___ Given information

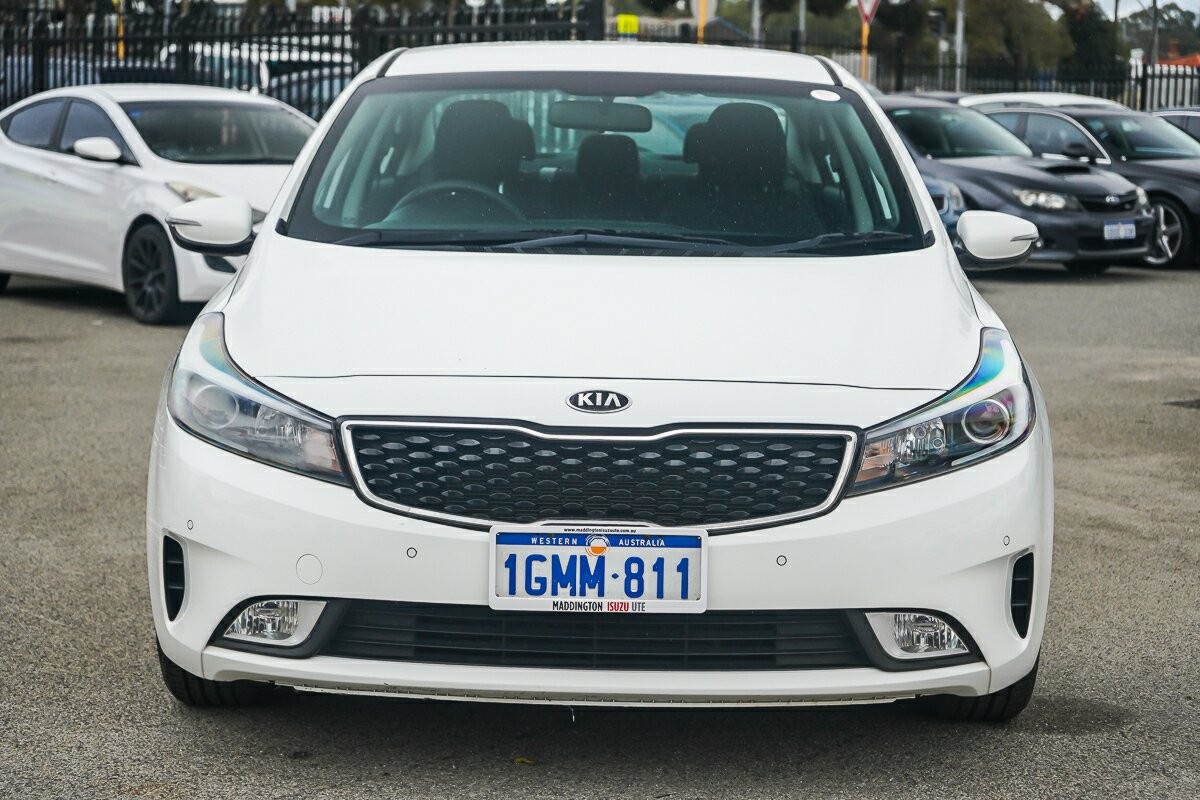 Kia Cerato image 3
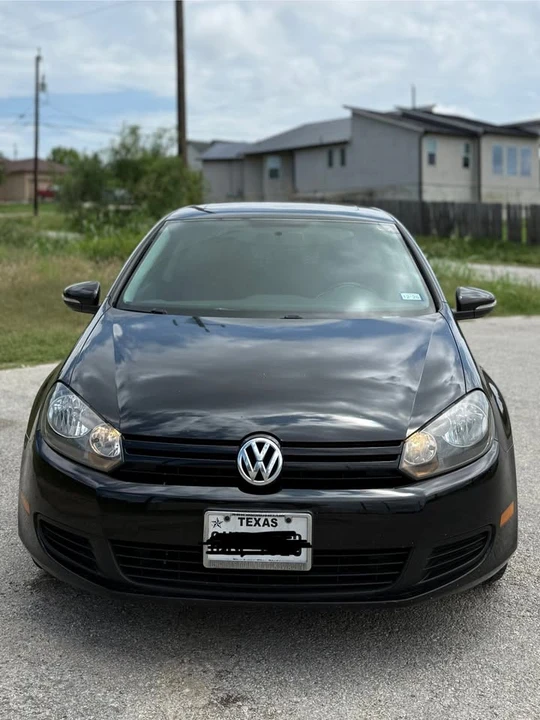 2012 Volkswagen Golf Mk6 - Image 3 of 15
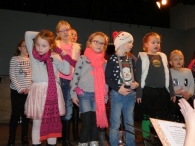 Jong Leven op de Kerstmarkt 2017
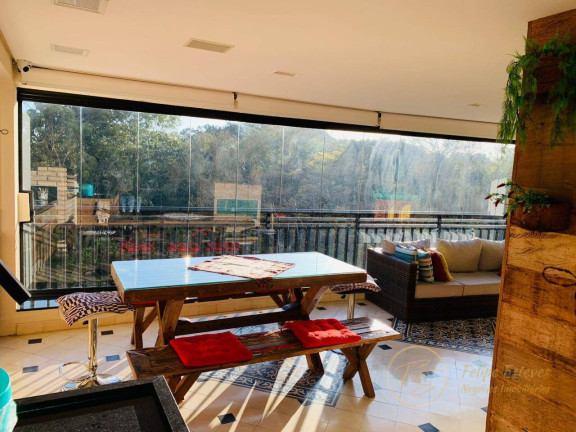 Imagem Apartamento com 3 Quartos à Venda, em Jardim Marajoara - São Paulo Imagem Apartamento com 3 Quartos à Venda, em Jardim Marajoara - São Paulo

______

Task instructions:
Pictures aside, reproduce all of the material above without alteration.

Finished task:
 Kia Cerato image 3
 2012 Volkswagen Golf Mk6 - Image 3 of 15
 Jong Leven op de Kerstmarkt 2017
 Imagem Apartamento com 3 Quartos à Venda, em Jardim Marajoara - São Paulo Imagem Apartamento com 3 Quartos à Venda, em Jardim Marajoara - São Paulo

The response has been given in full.